皆様こんにちは。日経バイオテク編集長の橋本宗明です。

 先週金曜日に日本の感染症対策を大きく変える可能性がある決定がなされたので、取材してきました。これまで海外で発生した感染症に対する日本の政策は、病原体の国内への侵入を防ぐ水際対策一辺倒でやってきた感があります。もちろん、水際対策にもそれなりの意義はあると思いますが、一方で来日する外国人が年間1000万人を超え、日本人の出国者も1700万人に達するというこのグローバルな時代に水際対策だけでどこまで効果があるのか疑問もあります。何よりも、感染症が日本にさえ入って来なければ、日本人が感染しなければ「よし」としているようで、「水際対策」という言葉にはあまり快くない印象も感じていました。

 そんな日本の感染症対策を転換する可能性があるというのは、「国際的に脅威となる感染症対策の強化に関する基本方針」というものが関係閣僚会議で決まったからです。

 基本方針で「重点的になすべきこと」とされているのは、1つは「発生国等に対する積極的な対応の強化」で、感染症発生国に対して緊急援助隊や感染症対策チームを派遣して人的支援を行ったり、世界保健機関(WHO)に頼らずに自らも海外情報を収集・分析してリスク評価ができる体制を構築する、途上国の保健システムの強化をサポートするといったことが挙げられています。実は、西アフリカでのエボラ出血熱の発生に際して、日本は資金面では、支出済みベースで米国、英国に次ぐ金額を提供していますが、政府が派遣した人数は20人で、米国の3800人、中国の800人、英国の750人などに比べてほとんど貢献できていません。「日本は人道的支援の観点から資金協力、物的協力、人的協力などを行ってきたが、欧米先進国は、自国への波及防止という観点から対応を行っていることが認識された」旨が、基本方針の中に書かれています。つまり、「国内に入った時にどうするかだけでなく、海外で抑え込んでいく」というのが従来の感染症対策と大きく異なる点です。
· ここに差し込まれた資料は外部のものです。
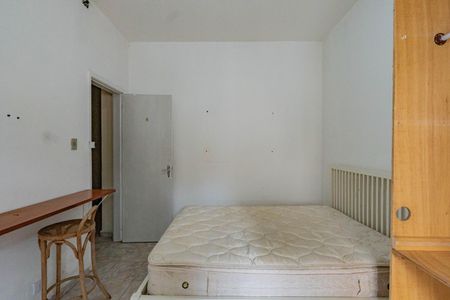 Studio de kitnet/studio para alugar com 1 quarto, 16m² em Aclimação, São Paulo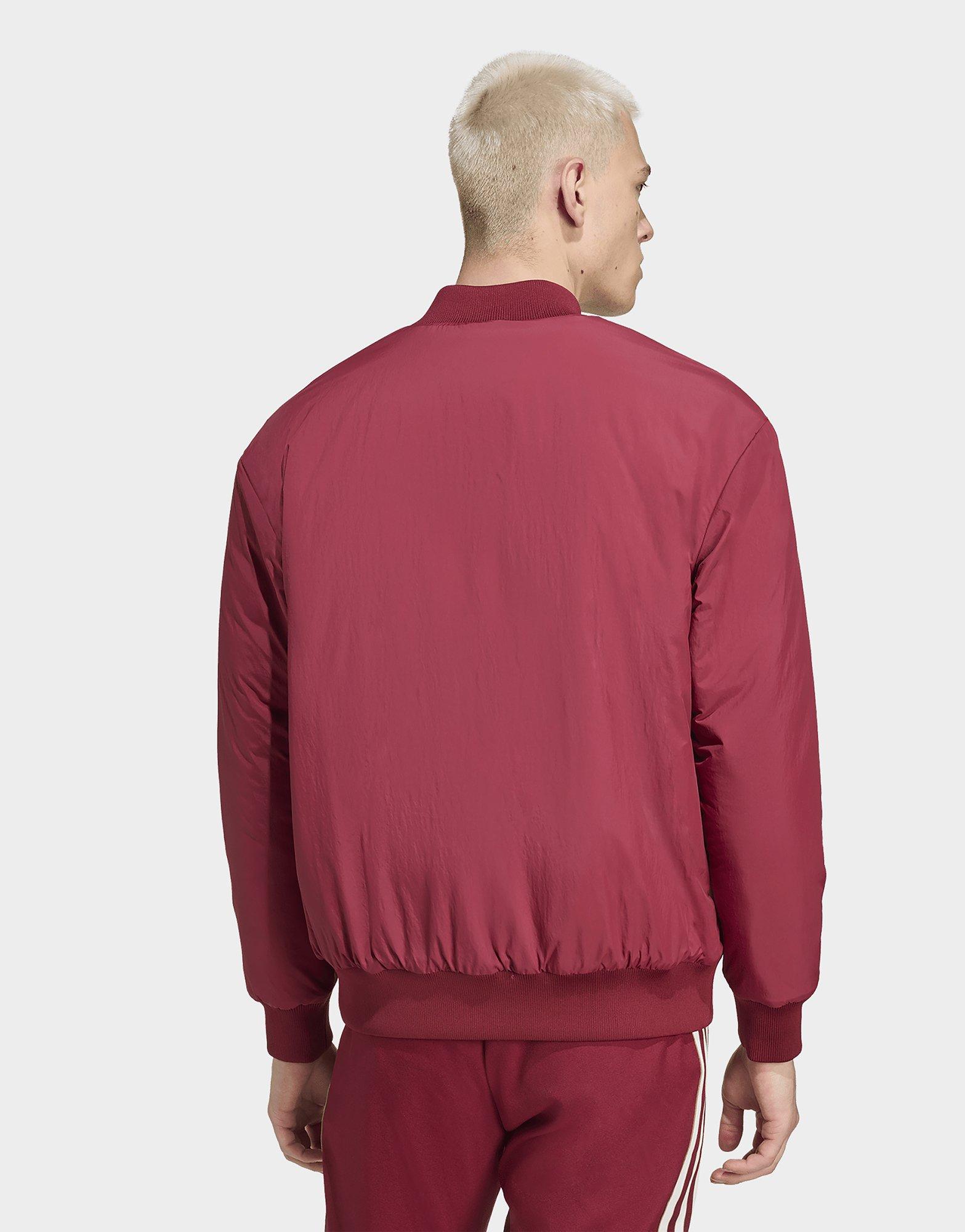 adidas Chaqueta Arsenal Terrace Icons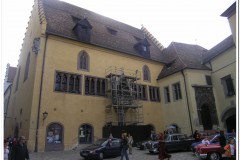 005Regensburg-5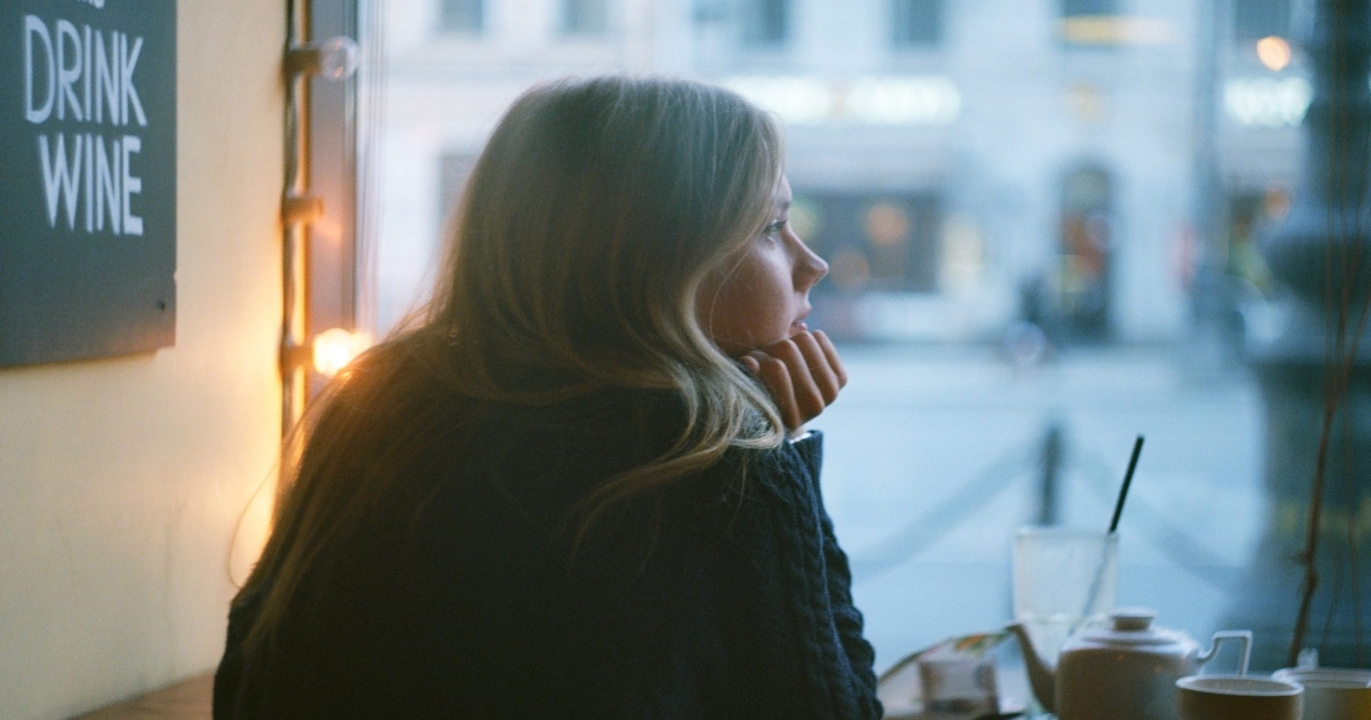 J&#039;ai envie d&#039;être Célibataires à deux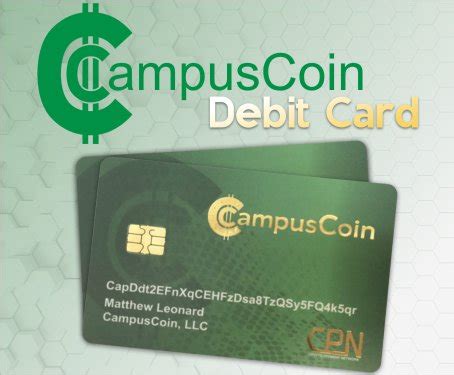 Want to make a payment? Visit cmpco.com. It's easy, free and secure. http://ow.ly/SF8o30cILP4 secure8.i-doxs.net CMP eBill Making a secure online payment is fast, easy and convenient. Please have your CMP account number handy to complete this transaction. 66 Share. 
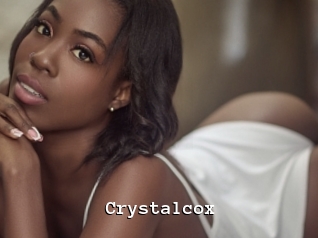 Crystalcox
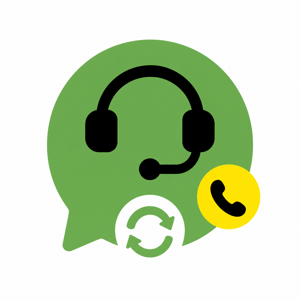 icon_f6_ongoing_support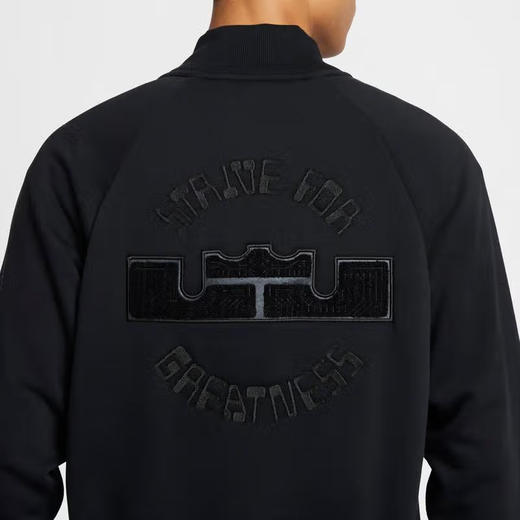 FZ1035-010 商品图5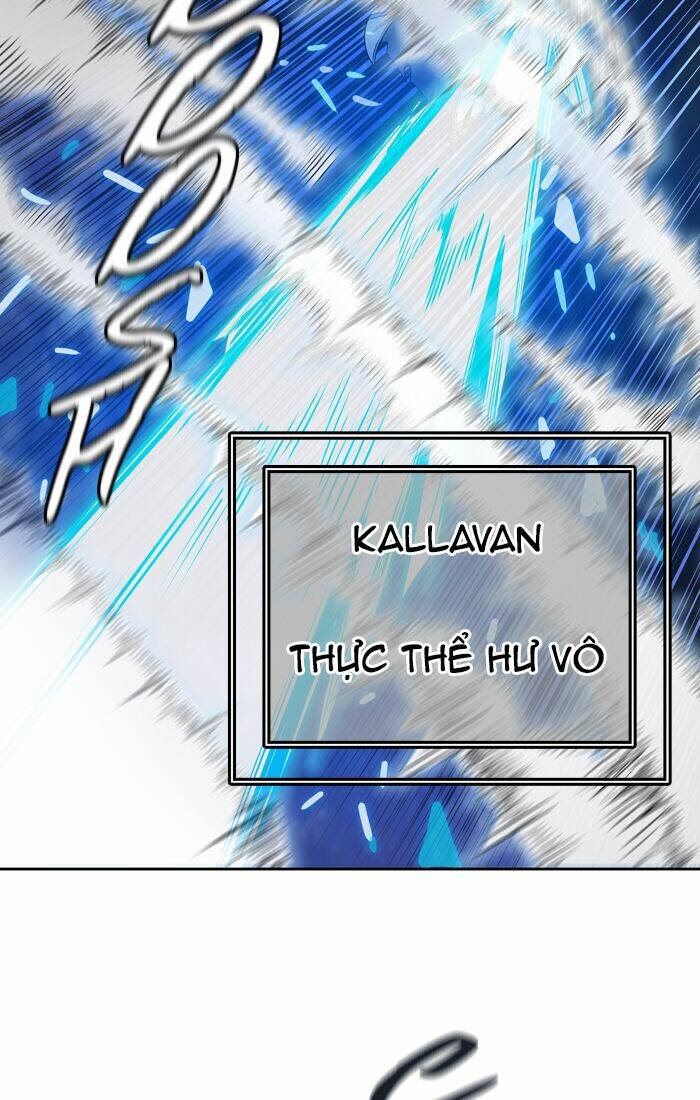 Cuộc Chiến Trong Tòa Tháp – Tower Of God Chapter 410 - Trang 2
 もう1つは「危機管理体制の強化」で、国内での感染症防止対策として、病原体の検査・研究体制の強化や、感染症情報の国民への提供の推進などが挙げられています。8月には国立感染症研究所村山庁舎の施設がバイオセーフティーレベル(BSL)4の研究施設に指定されましたが、これ以外にも複数の施設の整備することも検討されています。ネグレクテッドディジーズとされてきた感染症に対する治療薬や診断技術、ワクチンなどの研究開発が促進されることも期待されます。

 そして3つ目がこうした国内外での感染症対策に取り組む「人的基盤の整備」です。

 来年の伊勢志摩サミットの開催に向けて、政府は「平和と健康のための基本方針」を策定するなど、健康・医療分野での国際協力に積極的に取り組む方針を打ち出していますが、感染症政策でも国際的な存在感が高まることを期待します。